> _AVAILABLE DATA_:
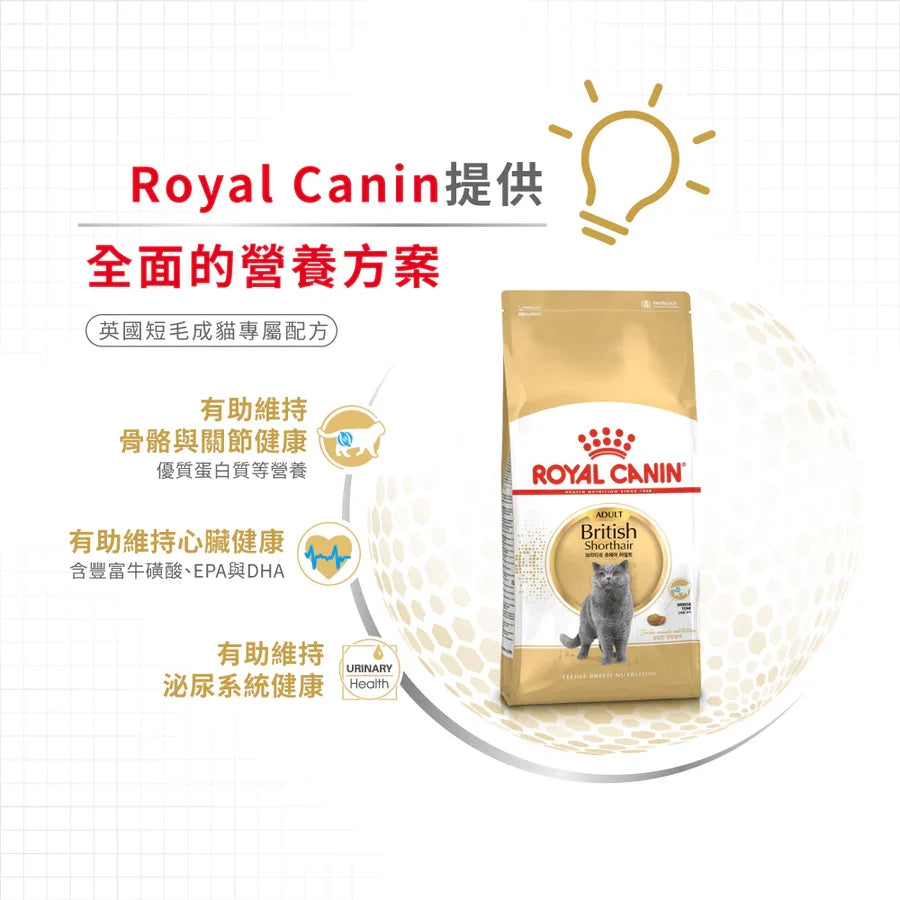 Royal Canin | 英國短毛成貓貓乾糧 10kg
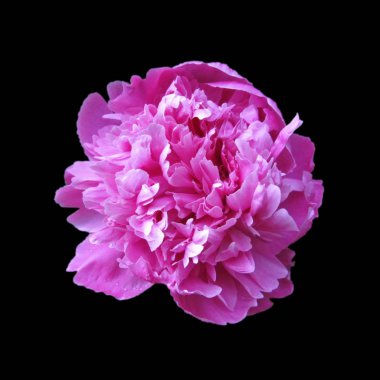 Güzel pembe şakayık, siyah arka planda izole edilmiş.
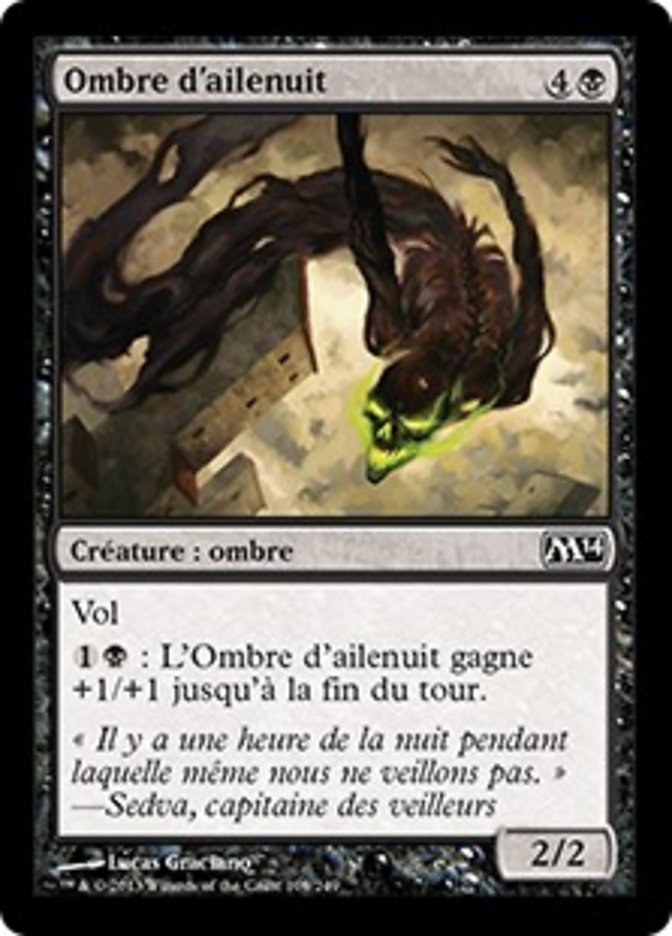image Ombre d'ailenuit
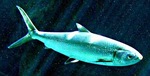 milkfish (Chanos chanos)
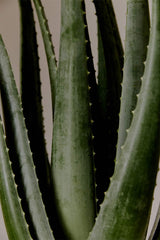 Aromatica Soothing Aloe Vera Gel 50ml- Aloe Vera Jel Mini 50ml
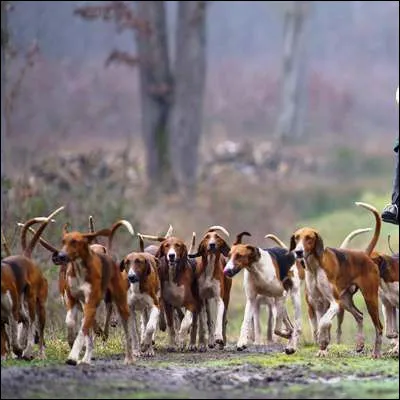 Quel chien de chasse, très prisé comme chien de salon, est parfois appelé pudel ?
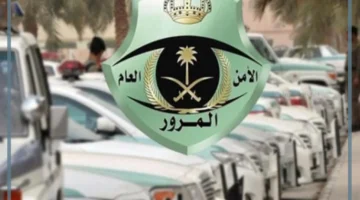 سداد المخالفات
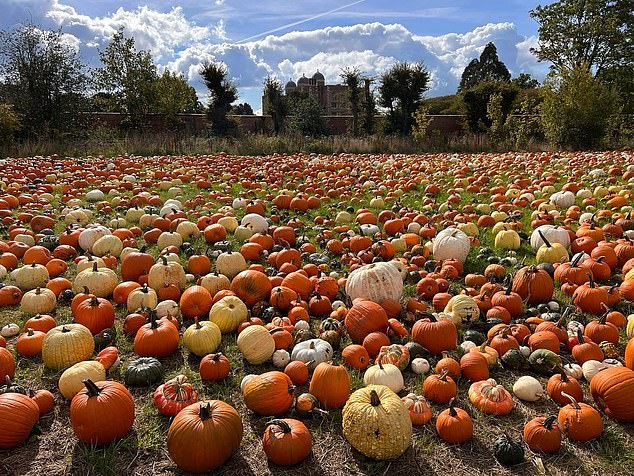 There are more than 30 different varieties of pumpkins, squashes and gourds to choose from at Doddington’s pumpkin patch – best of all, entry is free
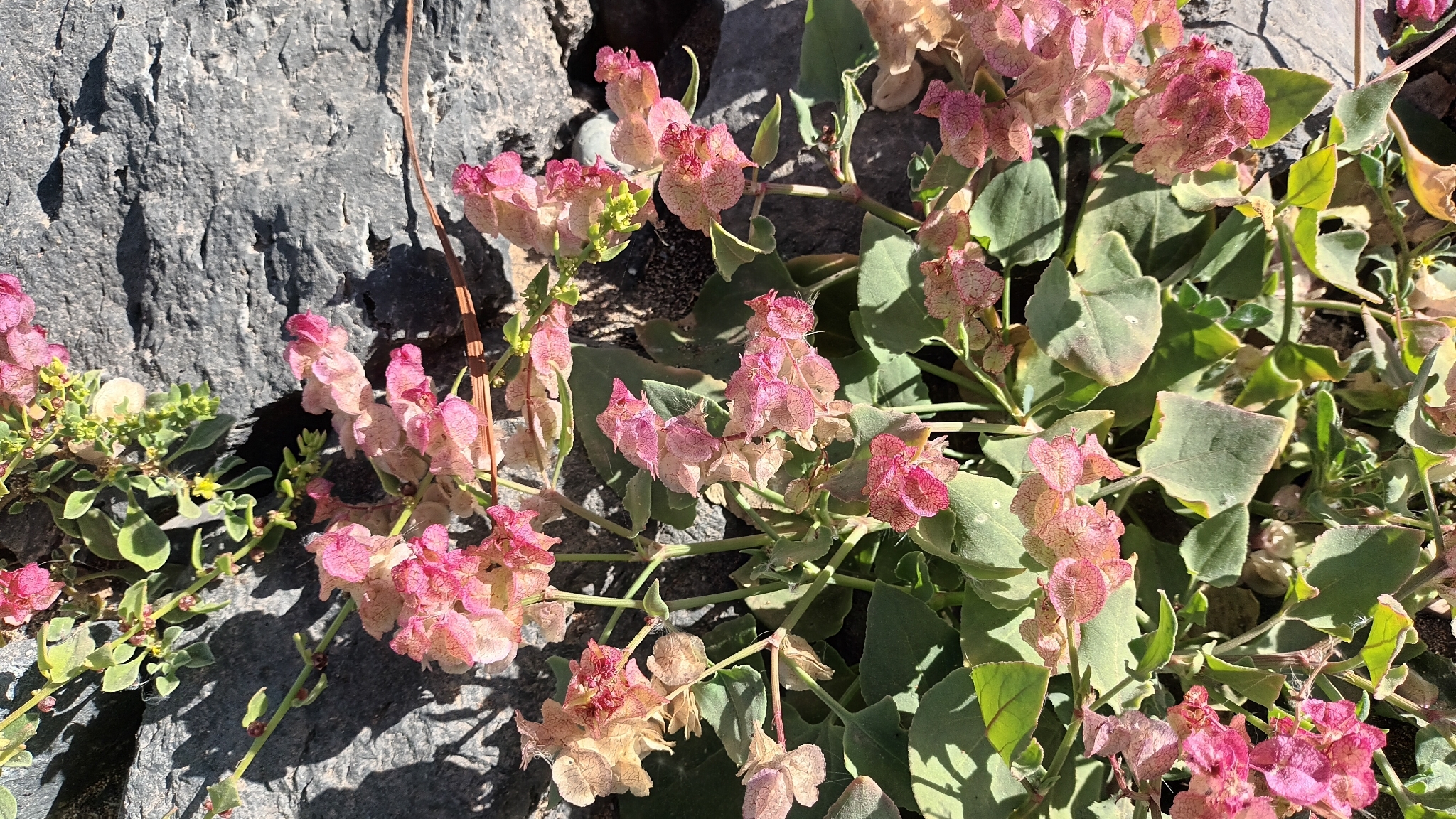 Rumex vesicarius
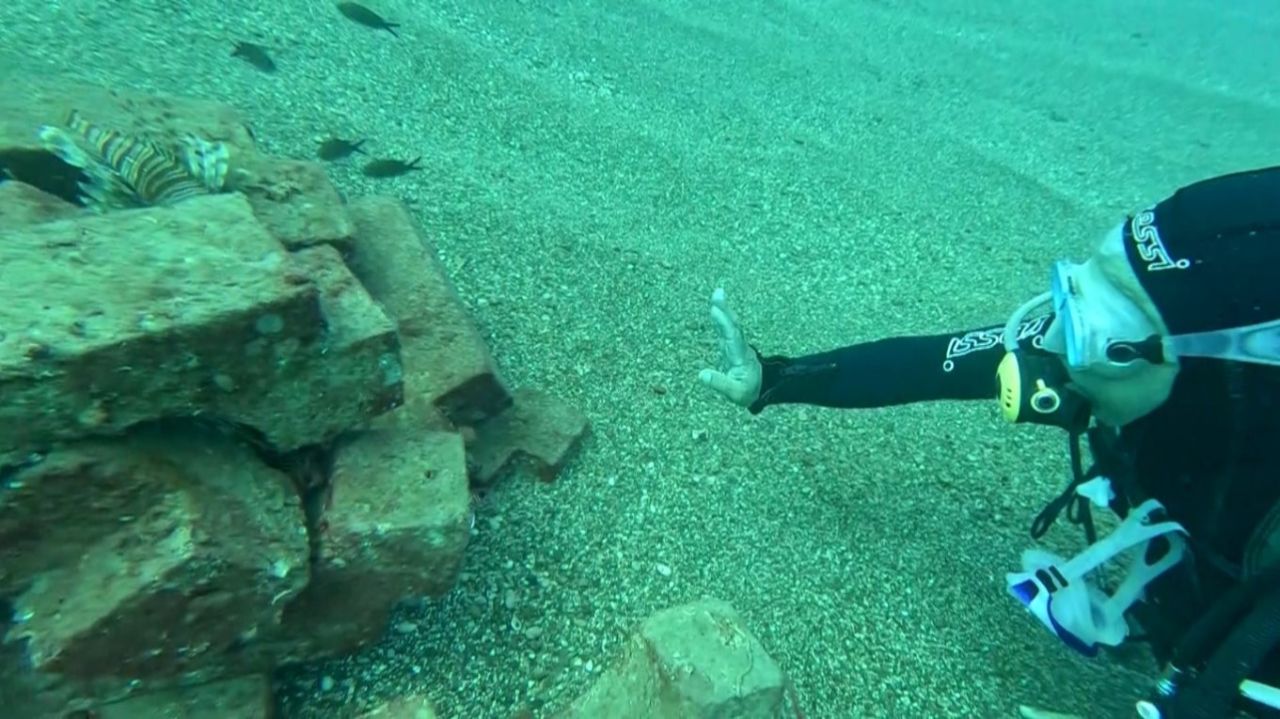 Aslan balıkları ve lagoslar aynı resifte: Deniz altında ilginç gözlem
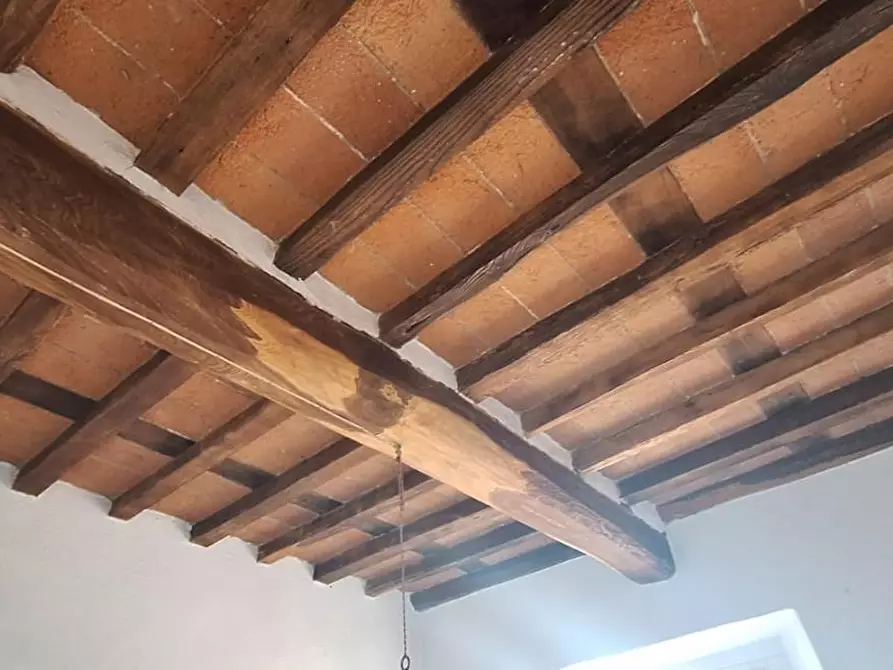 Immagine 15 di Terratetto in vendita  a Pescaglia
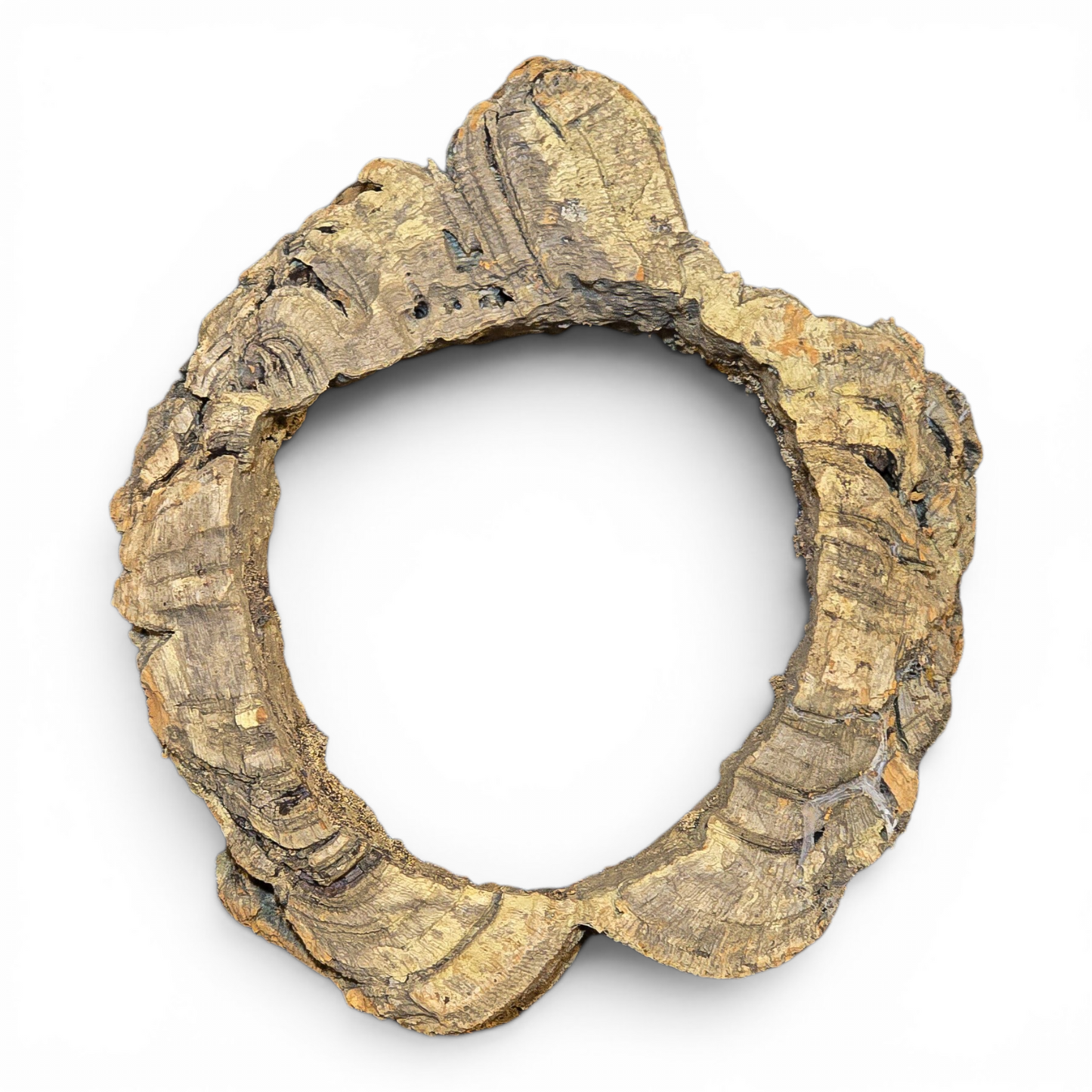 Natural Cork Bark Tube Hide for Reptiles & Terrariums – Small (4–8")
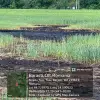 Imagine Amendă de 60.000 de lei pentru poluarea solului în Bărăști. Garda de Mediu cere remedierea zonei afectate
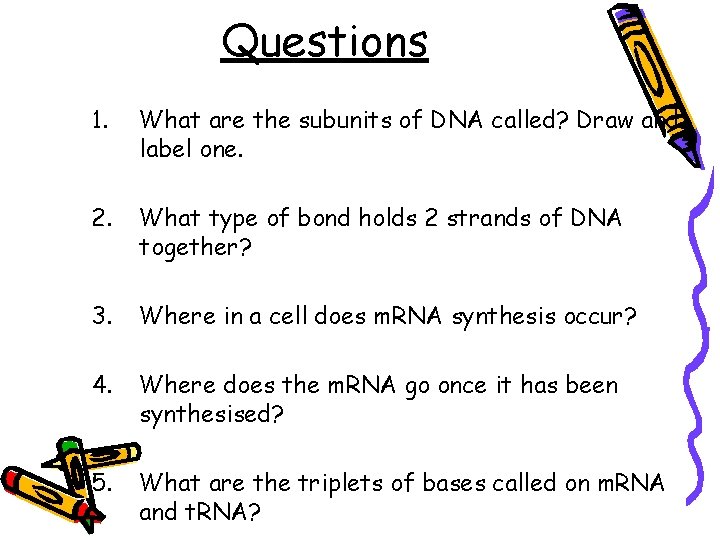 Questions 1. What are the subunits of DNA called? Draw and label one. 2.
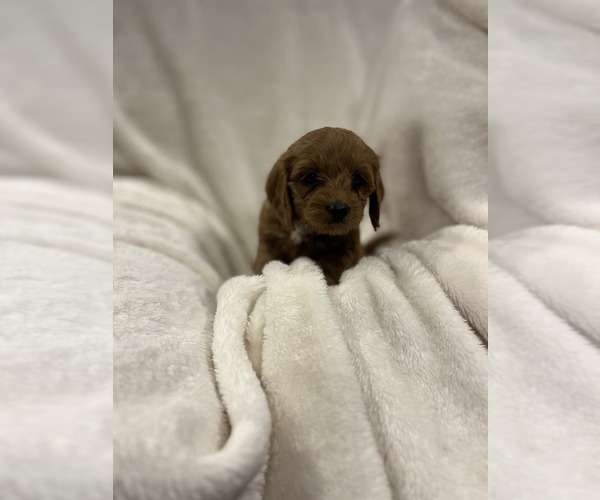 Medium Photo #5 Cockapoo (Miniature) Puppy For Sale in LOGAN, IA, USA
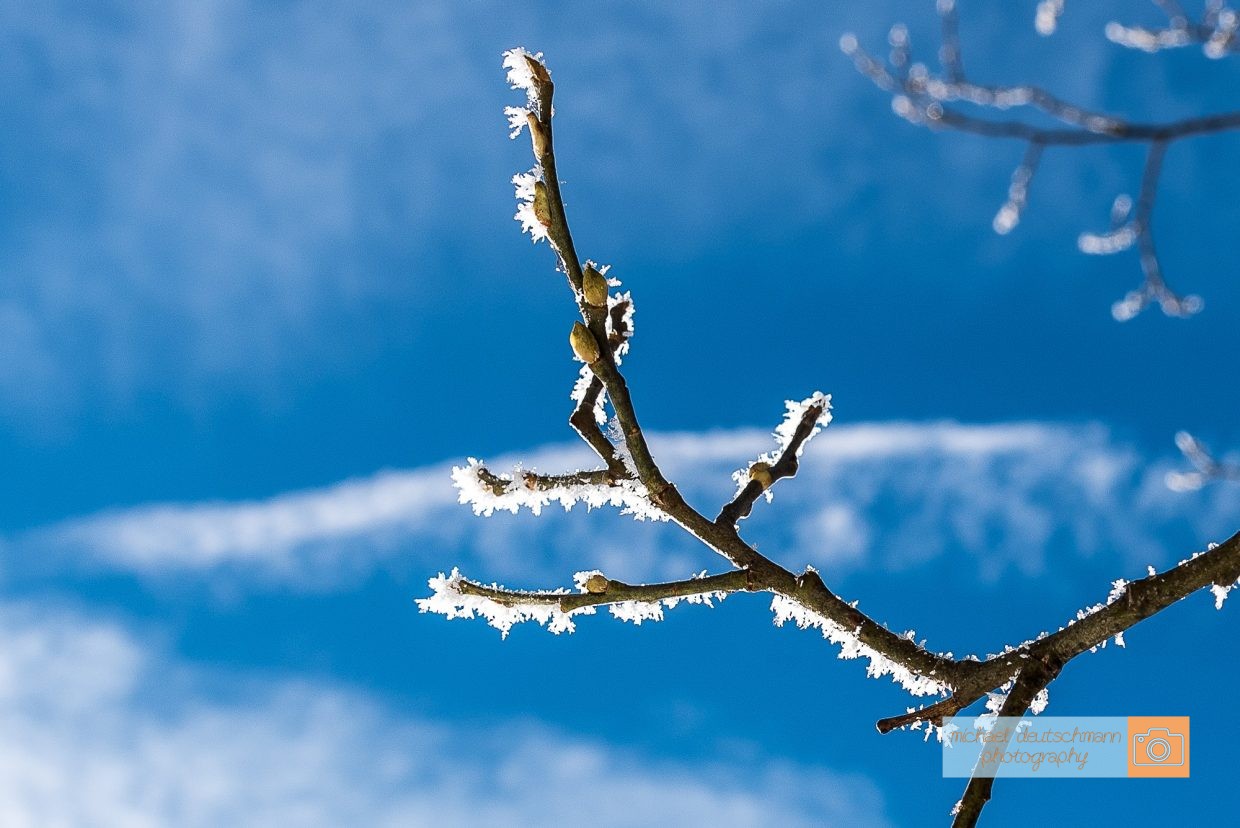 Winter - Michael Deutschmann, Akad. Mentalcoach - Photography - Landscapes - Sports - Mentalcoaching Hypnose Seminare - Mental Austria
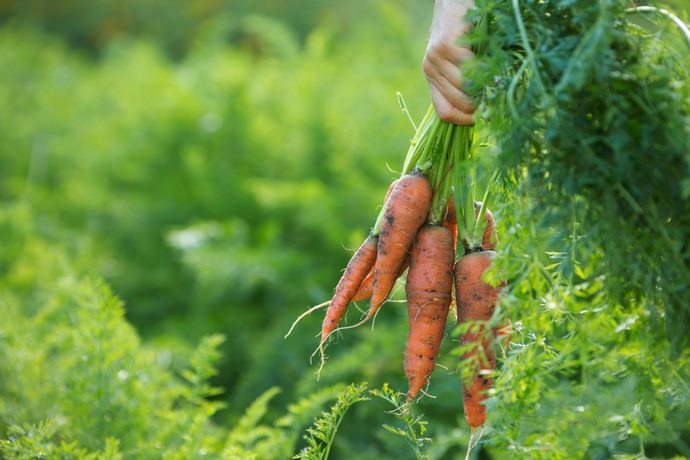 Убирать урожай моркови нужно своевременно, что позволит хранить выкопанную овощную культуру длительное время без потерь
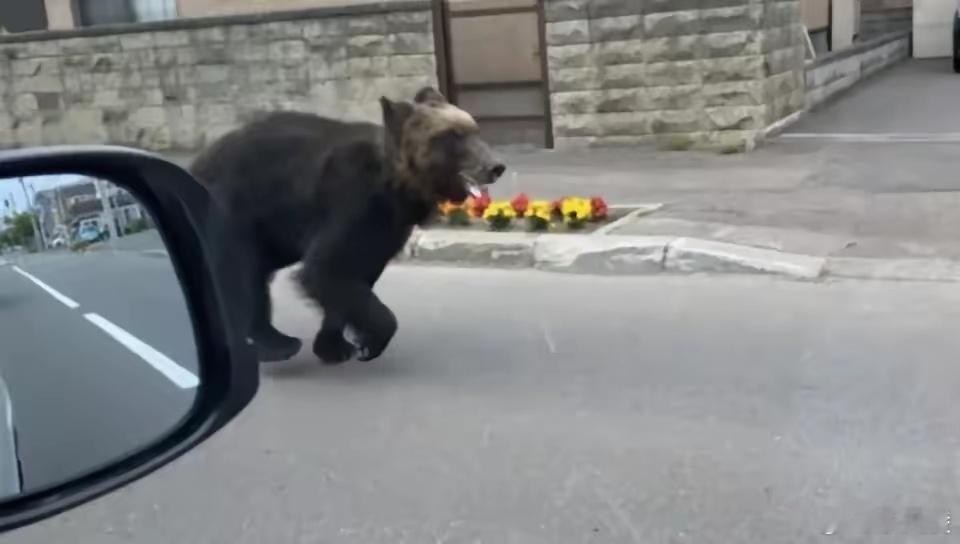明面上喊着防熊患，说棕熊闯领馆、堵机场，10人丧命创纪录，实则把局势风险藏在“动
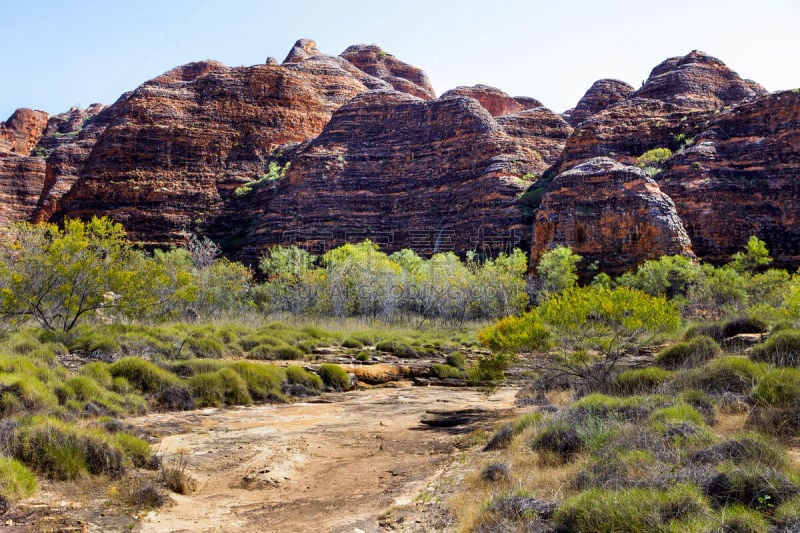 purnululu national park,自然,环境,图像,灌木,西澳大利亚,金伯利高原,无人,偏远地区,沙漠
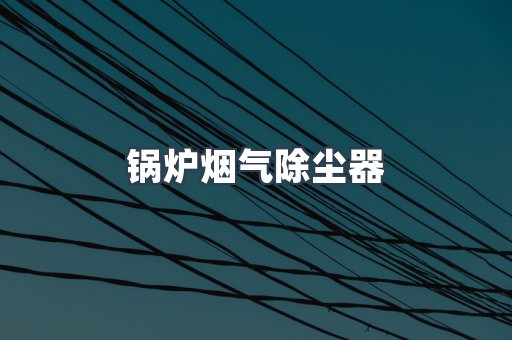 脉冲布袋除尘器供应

> _WHAT THE TASK REQUIRES_: Every line of the material above must be written out exactly, with no pictures.

> _RESPONSE AREA_:
 Royal Canin | 英國短毛成貓貓乾糧 10kg
 Güzel pembe şakayık, siyah arka planda izole edilmiş.
image Ombre d'ailenuit
 milkfish (Chanos chanos)
 Aromatica Soothing Aloe Vera Gel 50ml- Aloe Vera Jel Mini 50ml
 Quel chien de chasse, très prisé comme chien de salon, est parfois appelé pudel ?
 سداد المخالفات
 There are more than 30 different varieties of pumpkins, squashes and gourds to choose from at Doddington’s pumpkin patch – best of all, entry is free
 Rumex vesicarius
 Aslan balıkları ve lagoslar aynı resifte: Deniz altında ilginç gözlem
 Immagine 15 di Terratetto in vendita  a Pescaglia
 Natural Cork Bark Tube Hide for Reptiles & Terrariums – Small (4–8")
 Imagine Amendă de 60.000 de lei pentru poluarea solului în Bărăști. Garda de Mediu cere remedierea zonei afectate
 Questions 1. What are the subunits of DNA called? Draw and label one. 2.
 Medium Photo #5 Cockapoo (Miniature) Puppy For Sale in LOGAN, IA, USA
 Winter - Michael Deutschmann, Akad. Mentalcoach - Photography - Landscapes - Sports - Mentalcoaching Hypnose Seminare - Mental Austria
 Убирать урожай моркови нужно своевременно, что позволит хранить выкопанную овощную культуру длительное время без потерь
明面上喊着防熊患，说棕熊闯领馆、堵机场，10人丧命创纪录，实则把局势风险藏在“动
 purnululu national park,自然,环境,图像,灌木,西澳大利亚,金伯利高原,无人,偏远地区,沙漠
 脉冲布袋除尘器供应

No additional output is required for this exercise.